- [PROVIDED INFORMATION]:
——
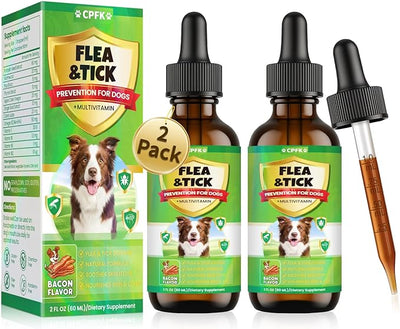 Flea and Tick Prevention for Dog, 60 ML (2 FL OZ) 2 Pack Natural Oral Flea and Tick Drops for Dogs Containing Multivitamin All Breeds and Sizes Fleas Control for Dogs Bacon Flavor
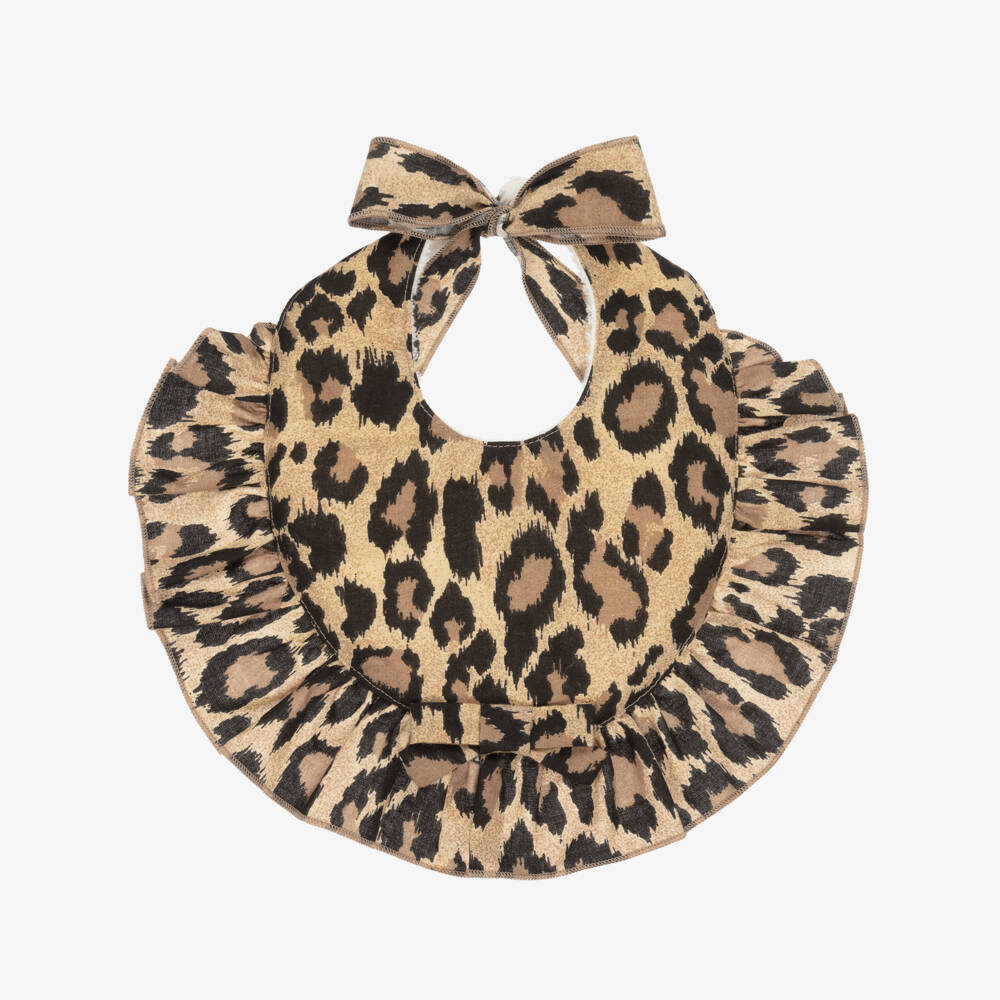 Phi Clothing-Слюнявчик из бежевого хлопка с диким котом для девочек | Childrensalon Outlet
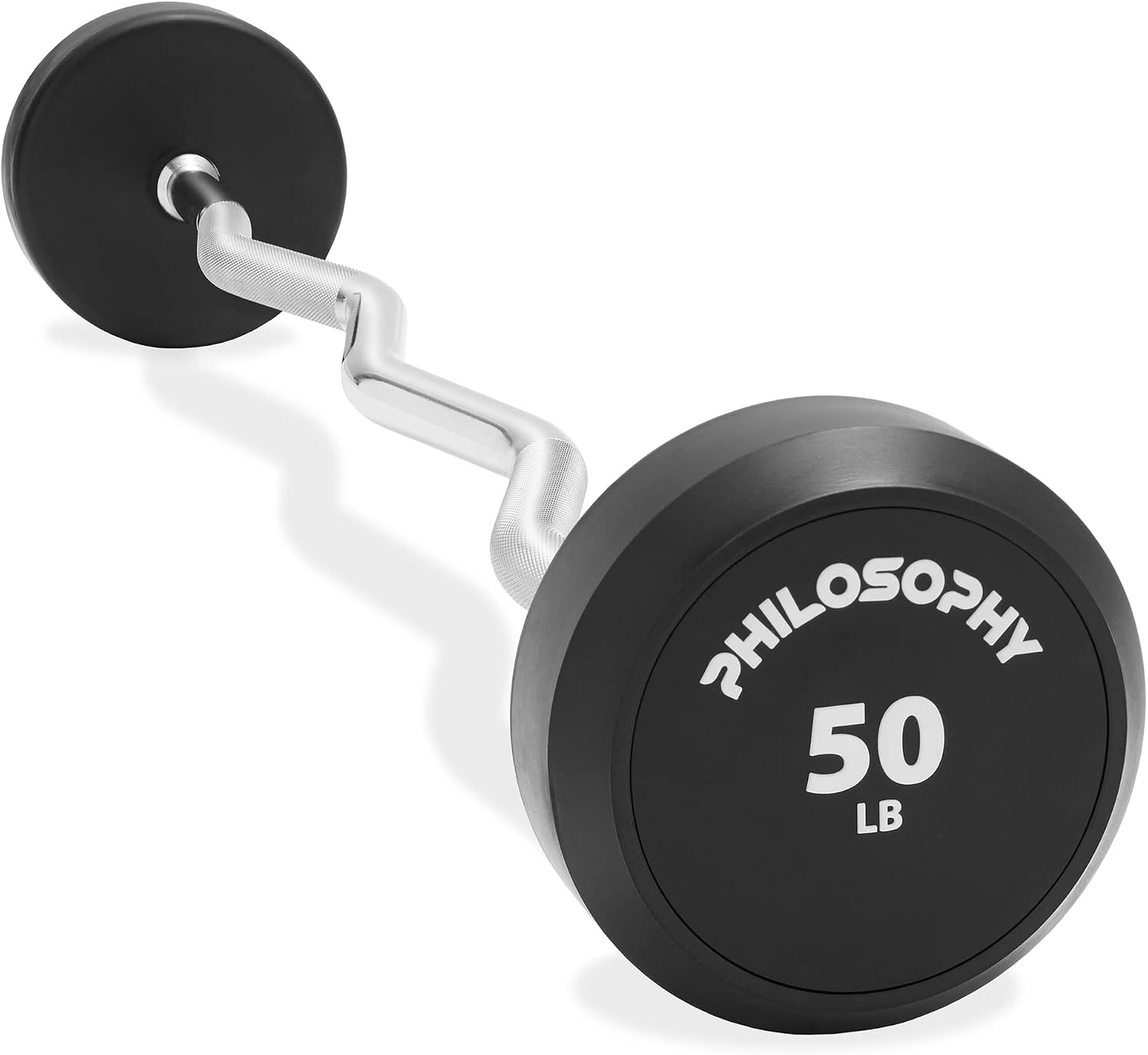 Philosophy Gym Rubber Fixed Barbell, Pre-Loaded Weight EZ Curl Bar for Strength Training & Weightlifting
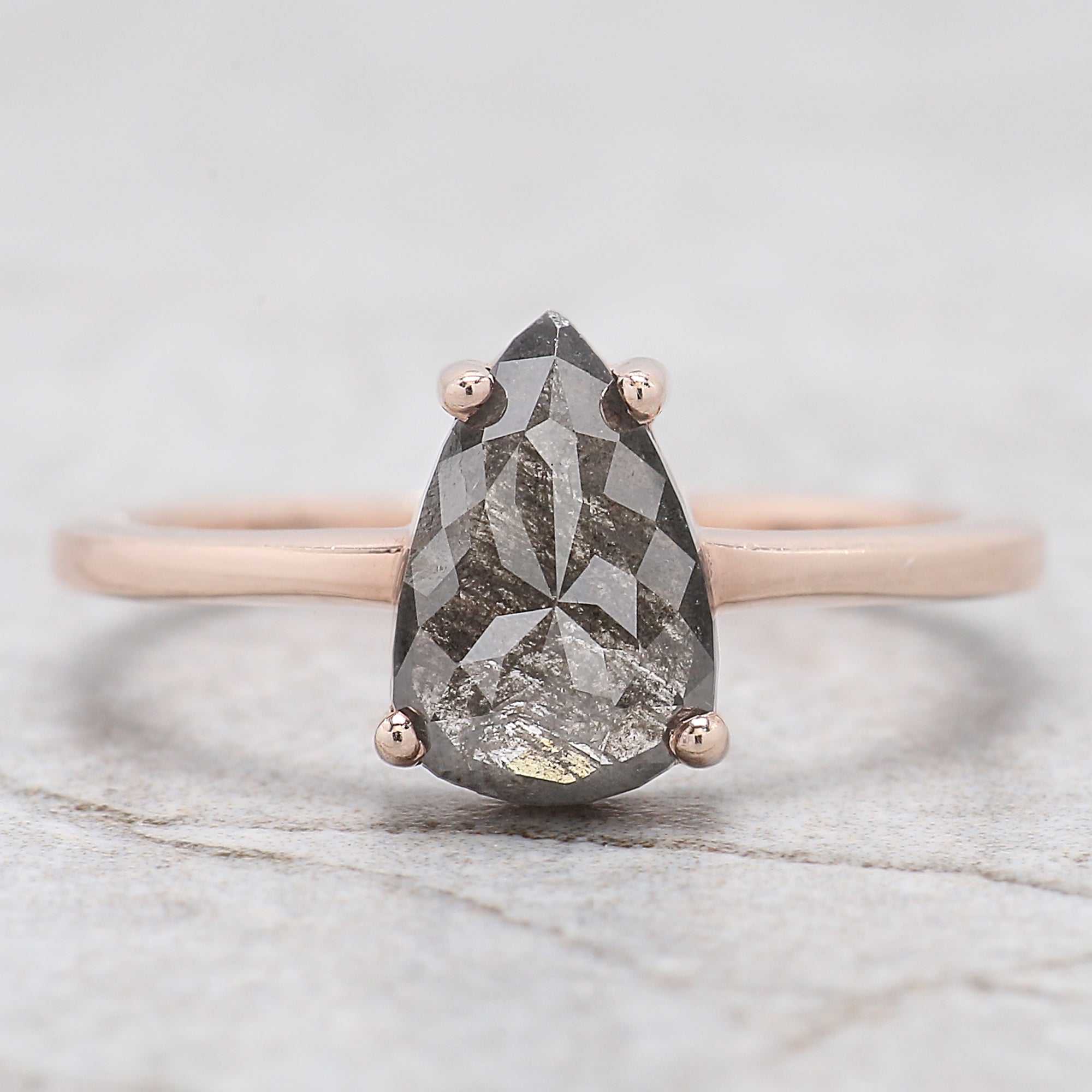 1.37 Ct Natural Pear Cut Salt And Pepper Diamond Ring 9.60 MM Pear Diamond Ring 14K Solid Rose Gold Silver Engagement Ring Pear Ring QL1577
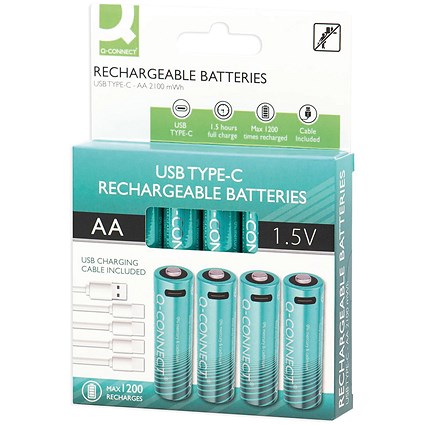 Q-Connect USB C Rechargeable Lithium AA Batteries, Pack of 4 Q-Connect USB C Rechargeable Lithium AA Batteries, Pack of 4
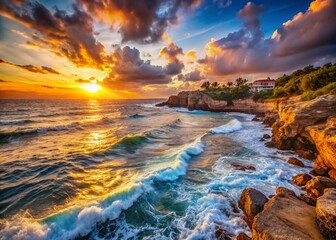 Fototapeta premium Mediterranean Sunset: Crystal-Clear Waves Crashing on the Shore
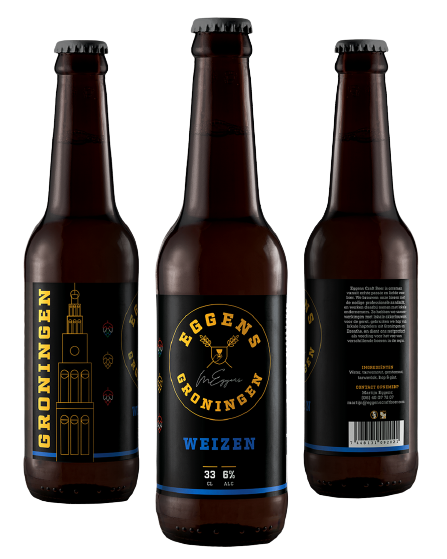 Drie flesjes Eggens Weizen speciaalbier uit Groningen voor het alcoholische kerstpakket van Lokaalverrast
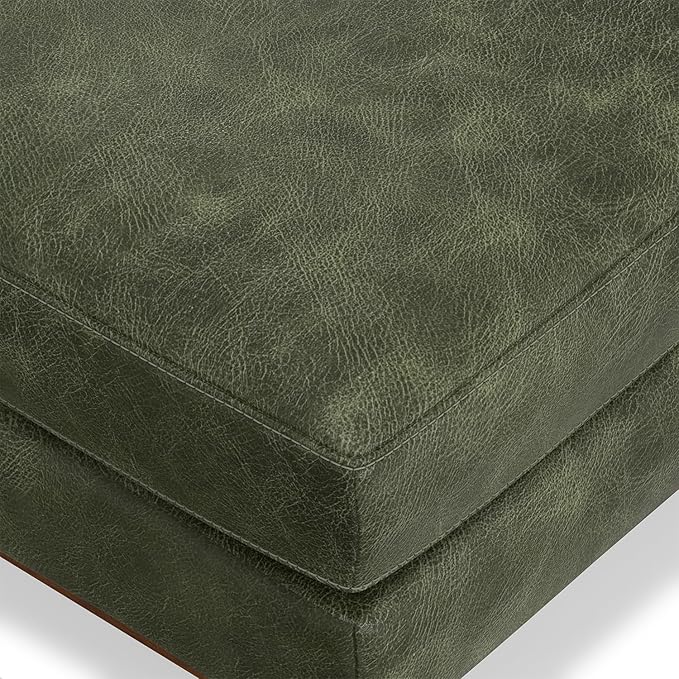 SIMPLIHOME Morrison 49 inch Wide Large Rectangular Ottoman in Moss Green Genuine Leather, Multifunctional Footrest, Coffee Table, and Extra Seating for Living Room, Mid-Century Modern Style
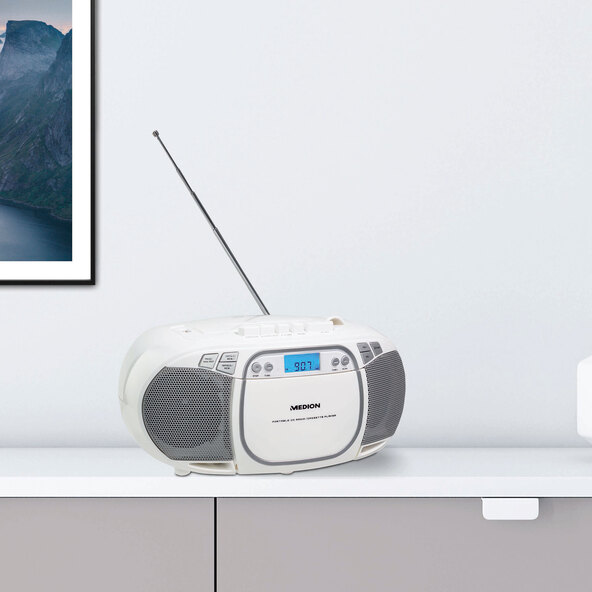CD/MP3 Kassettenspieler E66476 (MD44176), weiß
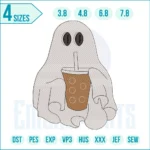 Little Ghost with Ice Coffee Embroidery Design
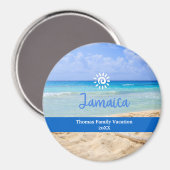 Aangepaste gezinsvakantie met Jamica Kerstmis Magneet (Voorkant / Achterkant)
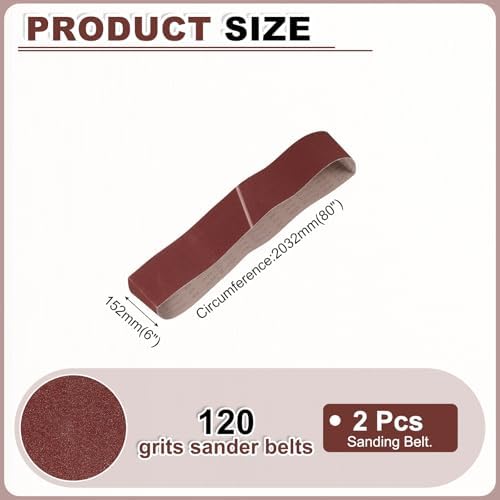 HARFINGTON 6 x 80 Inch Sanding Belts, 2 Pcs 120 Grits Aluminum Oxide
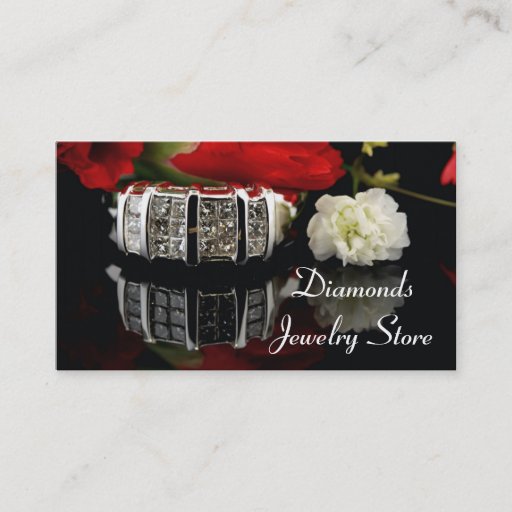 Customizable Diamond Ring Jewelry Store Business Card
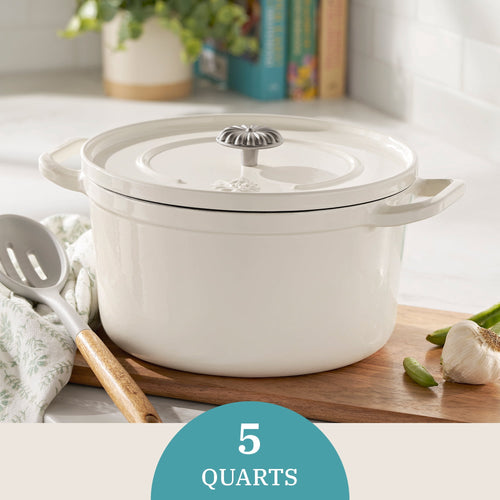 5-Quart Enameled Cast Iron Dutch Oven with Lid, Linen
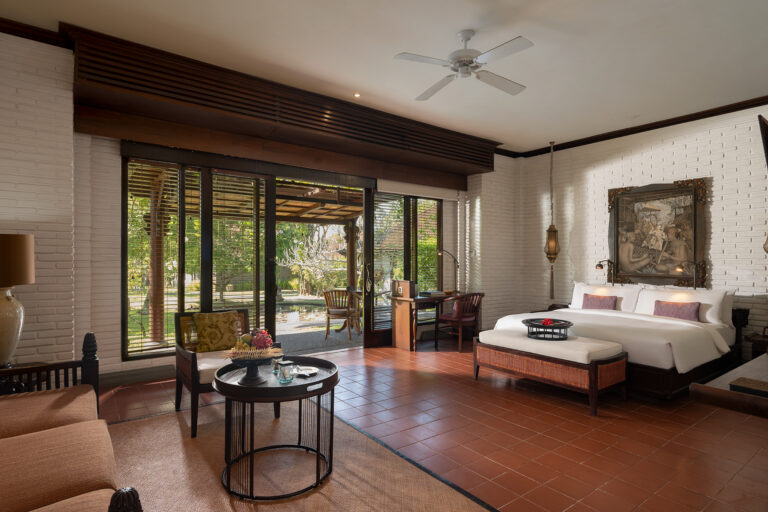 Villa bedroom opening to the garden, Tanah Gajah, a Resort by Hadiprana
——
- [HOW TO COMPLETE THIS TASK]:
Although the records include pictures, output only their text, exactly and completely.

- [RESPONSE TO THIS EXERCISE]:
 Flea and Tick Prevention for Dog, 60 ML (2 FL OZ) 2 Pack Natural Oral Flea and Tick Drops for Dogs Containing Multivitamin All Breeds and Sizes Fleas Control for Dogs Bacon Flavor
 Phi Clothing-Слюнявчик из бежевого хлопка с диким котом для девочек | Childrensalon Outlet
 Philosophy Gym Rubber Fixed Barbell, Pre-Loaded Weight EZ Curl Bar for Strength Training & Weightlifting
 1.37 Ct Natural Pear Cut Salt And Pepper Diamond Ring 9.60 MM Pear Diamond Ring 14K Solid Rose Gold Silver Engagement Ring Pear Ring QL1577
 Q-Connect USB C Rechargeable Lithium AA Batteries, Pack of 4 Q-Connect USB C Rechargeable Lithium AA Batteries, Pack of 4
 Fototapeta premium Mediterranean Sunset: Crystal-Clear Waves Crashing on the Shore
 Drie flesjes Eggens Weizen speciaalbier uit Groningen voor het alcoholische kerstpakket van Lokaalverrast
 SIMPLIHOME Morrison 49 inch Wide Large Rectangular Ottoman in Moss Green Genuine Leather, Multifunctional Footrest, Coffee Table, and Extra Seating for Living Room, Mid-Century Modern Style
CD/MP3 Kassettenspieler E66476 (MD44176), weiß
 Little Ghost with Ice Coffee Embroidery Design
 Aangepaste gezinsvakantie met Jamica Kerstmis Magneet (Voorkant / Achterkant)
 HARFINGTON 6 x 80 Inch Sanding Belts, 2 Pcs 120 Grits Aluminum Oxide
 Customizable Diamond Ring Jewelry Store Business Card
 5-Quart Enameled Cast Iron Dutch Oven with Lid, Linen
 Villa bedroom opening to the garden, Tanah Gajah, a Resort by Hadiprana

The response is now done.